The opening night is called “the vernissage” and MAF had a sponsorship deal with SAAB, the company that makes very safe and attractive motorcars and futuristic jet fighters with four wings. MAF really have their act together with their sponsorship deals – SAAB had provided luxury bumper cars for the evening. It was quite a sight to see the glitzerrati of the Australian art world doing laps of the Royal Exhibition Building, observing all the art on offer in the various stands, all laughing in good spirits, acknowledging each other cars with friendly waves. After the second or third time around the concourse we had to get out of our car since, what with all the champagne and cake and the incessant hooting of horns from the cavalcade of bumper cars, we were starting to feel a bit sick. We stopped at the Astrid Weller Gallery [stand a60] which is one of Melbourne’s leading new contemporary art galleries. We were a bit surprised to see that for the MAF Weller had chosen to exhibit new work by Gunter Christmann, only instead of the usual figures outlined and hung “upside down” [feet at the top, heads at the bottom] the paintings were in fact exhibited really upside down, which is to say, the heads were at the top with the feet at the bottom. A snooty gallery assistant dressed entirely in black with a fierce pony tail and a radio headset [so she could keep in touch with the stock room at all times], sniffed when we asked why the Christmann’s were all the wrong way up. You must be mistaken she said, Christmann paintings have never been exhibited the wrong way up, it is you who are mistaken.
Things looked like they might have been about to turn ugly when we pointed out that the artist is know for his ‘upside down works’ but we never finished the conversation because the official opening of the MAF was announced with a blare of trumpets and millions of rose petals released from the roof. The lights went down and a spot light shone on the entranceway revealing two white ponies trotting in. Riding the dazzling beasts were Juliana Engberg and Ash Keating, completely naked except for garlands in their hair, tossing chocolate money to the dignitaries. The crowd erupted into applause and cheers as Keating cut the official ribbon and a dozen white doves were released. In the middle of all this we spotted Wayne Tunnicliffe, only his beard was gone now, and it turned out the beard was actually a fake and he’d been wearing it to avoid Mary Lou Pavlovic who was apparently after him some reason. But doesn’t she live down here? Tunnicliffe ignored the question and wondered if we were going to the Alternative Melbourne Art Fair being staged in the Melbourne Zoo? We’d never heard of it but pretended we did. Great, he said, you’ll have to come along for the opening later tonight.

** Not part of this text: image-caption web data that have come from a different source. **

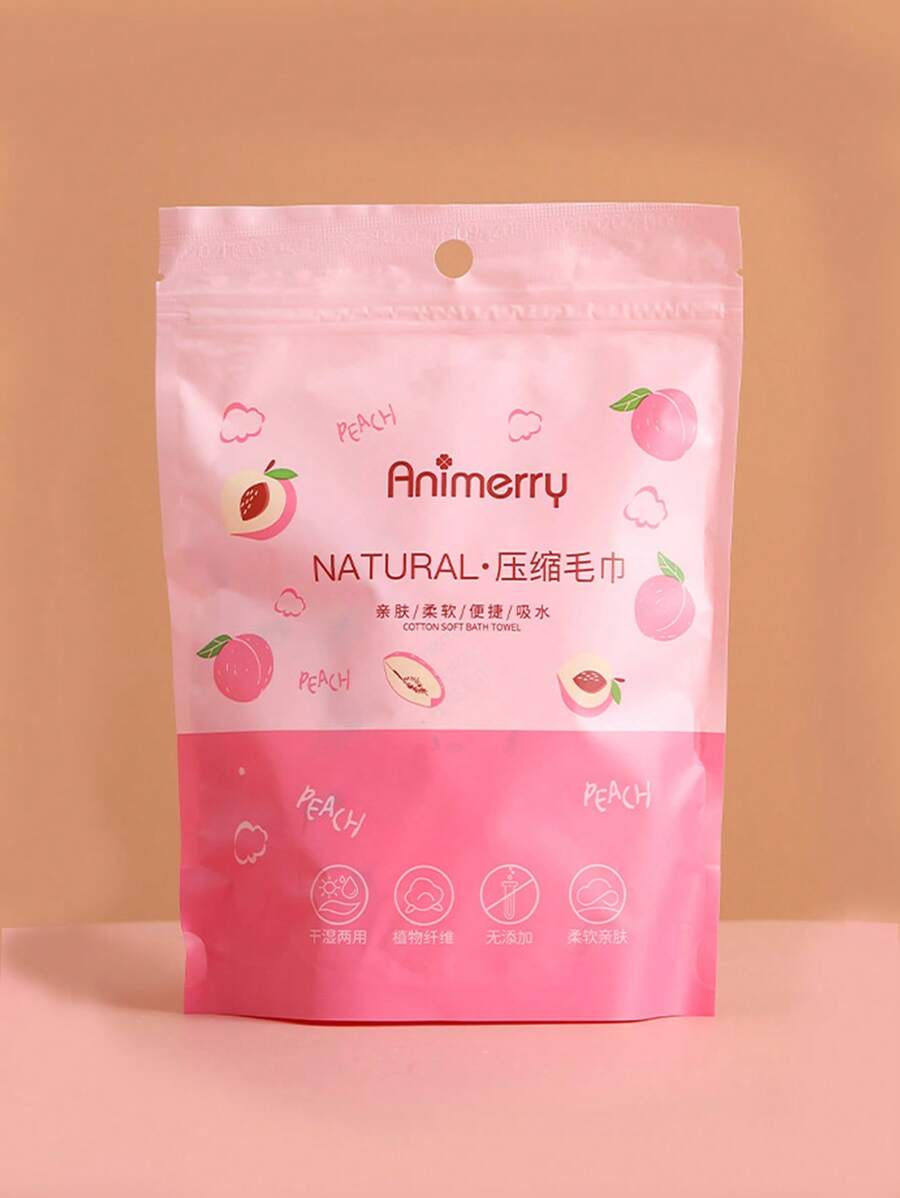 Mini Portable Compressed Towel,20Pcs Disposable Compressed Facial Towel Suitable For Travel/Home/Outdoor Activities - White - View 1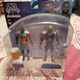Moose Space Jam Lebron and Chronos 5 inch Action Figure - 14579 Brand New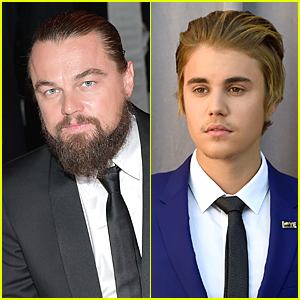 Leonardo DiCaprio Parties the Night Away with Justin Bieber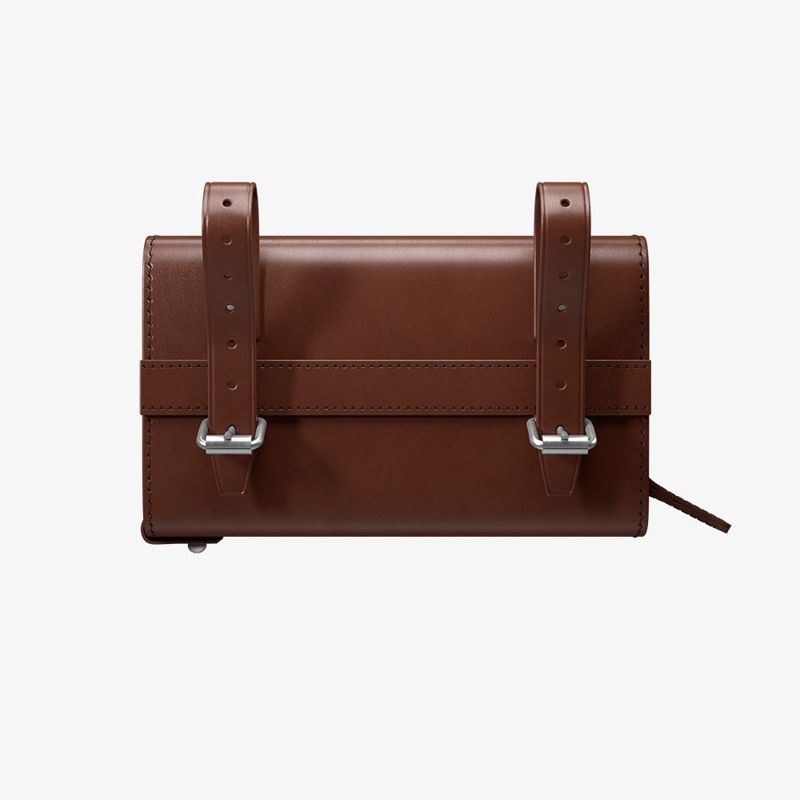 Brooks D Shaped Saddle Bag in Brown-1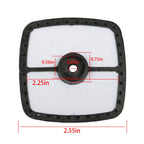 10x Air Filter for Echo SRM225 SRM265 GT2000 GT225 (30310-54130 A226001410)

Seeing art has never been this much fun!
Just then the doors of the Royal Exhibition Hall were slammed shut and the house lights went up. An announcement over the PA system asked everyone to leave via the emergency exits and would everyone please be ready to be searched and questioned by security staff. Confusion broke out as we lined up for the exits. People kept their drinks and some started smoking cigars. Peter Hill was just in front of us in the line and we asked him what the hell was going on. Apparently Stephen Feneley’s dead body had been found in one of the VIP rooms, a sheet of Gould Gallery letter head paper stuffed in his mouth and an NGA letter opener in the small of his back. Police are baffled, claimed Hill.